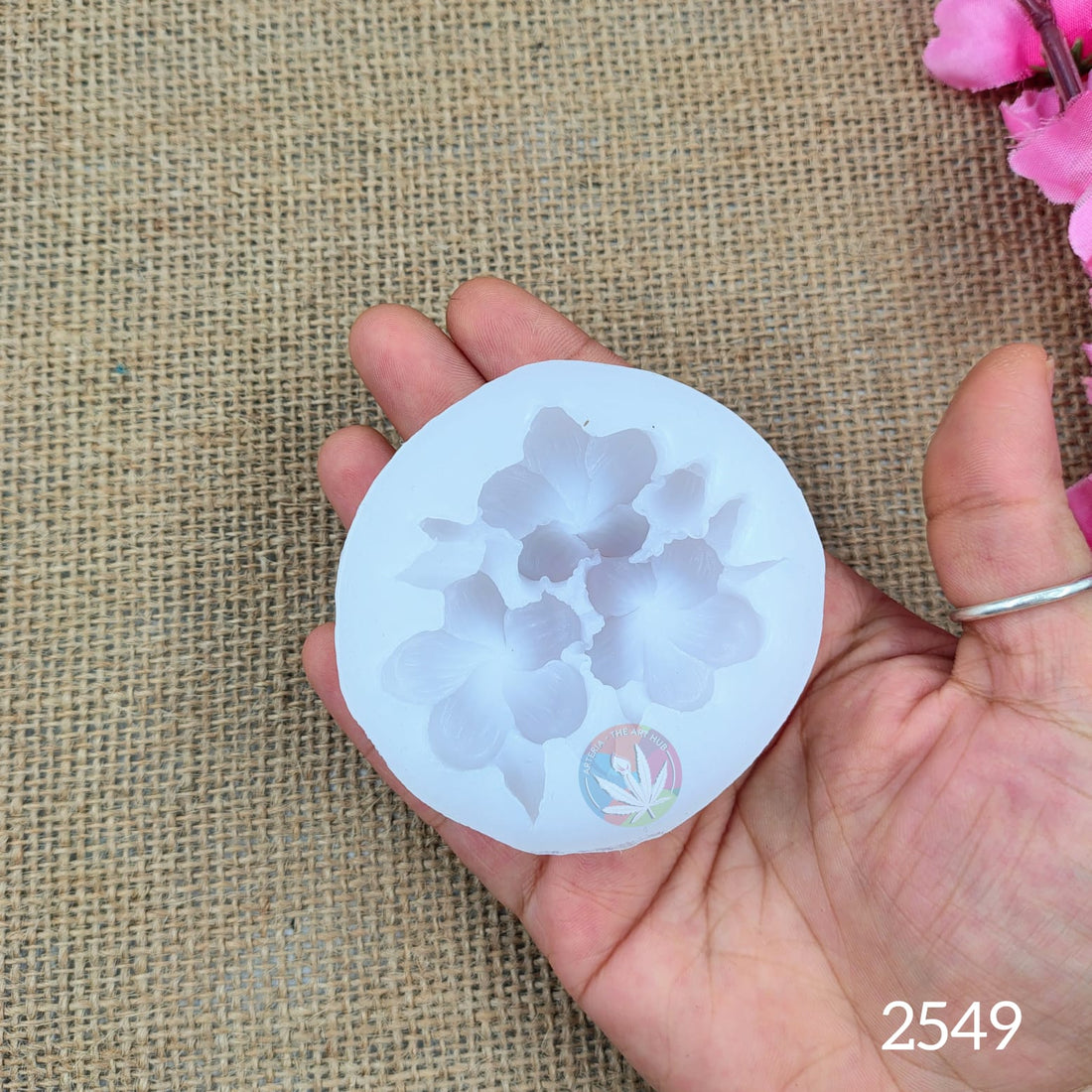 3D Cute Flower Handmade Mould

* * *

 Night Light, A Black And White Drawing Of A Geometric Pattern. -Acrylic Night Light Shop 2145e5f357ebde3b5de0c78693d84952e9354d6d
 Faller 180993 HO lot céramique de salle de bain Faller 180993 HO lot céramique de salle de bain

...

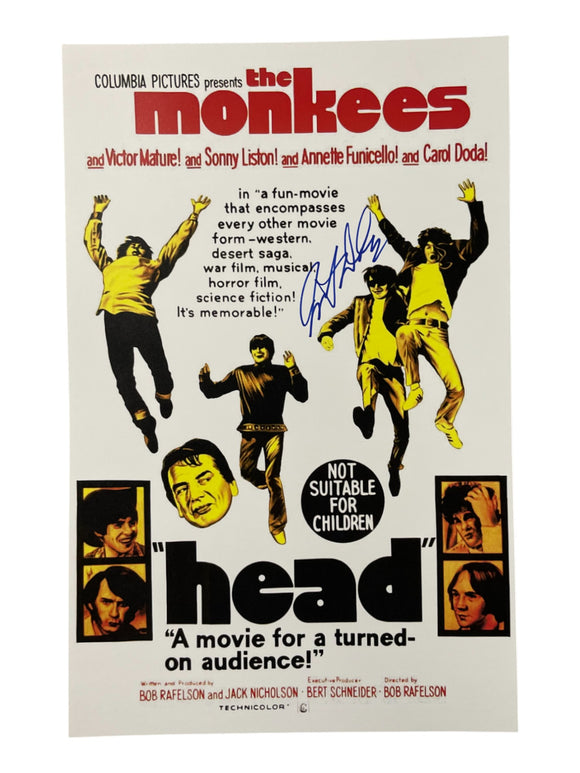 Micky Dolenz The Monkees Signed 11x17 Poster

EXERCISE OBJECTIVE:
Please make an exact copy of the lines above from the line with "Night Light, A" through the line with "Faller 180993 HO lot céramique de salle de bain Faller", both ends included.

RESULT OF THE EXERCISE:
 Night Light, A Black And White Drawing Of A Geometric Pattern. -Acrylic Night Light Shop 2145e5f357ebde3b5de0c78693d84952e9354d6d
 Faller 180993 HO lot céramique de salle de bain Faller 180993 HO lot céramique de salle de bain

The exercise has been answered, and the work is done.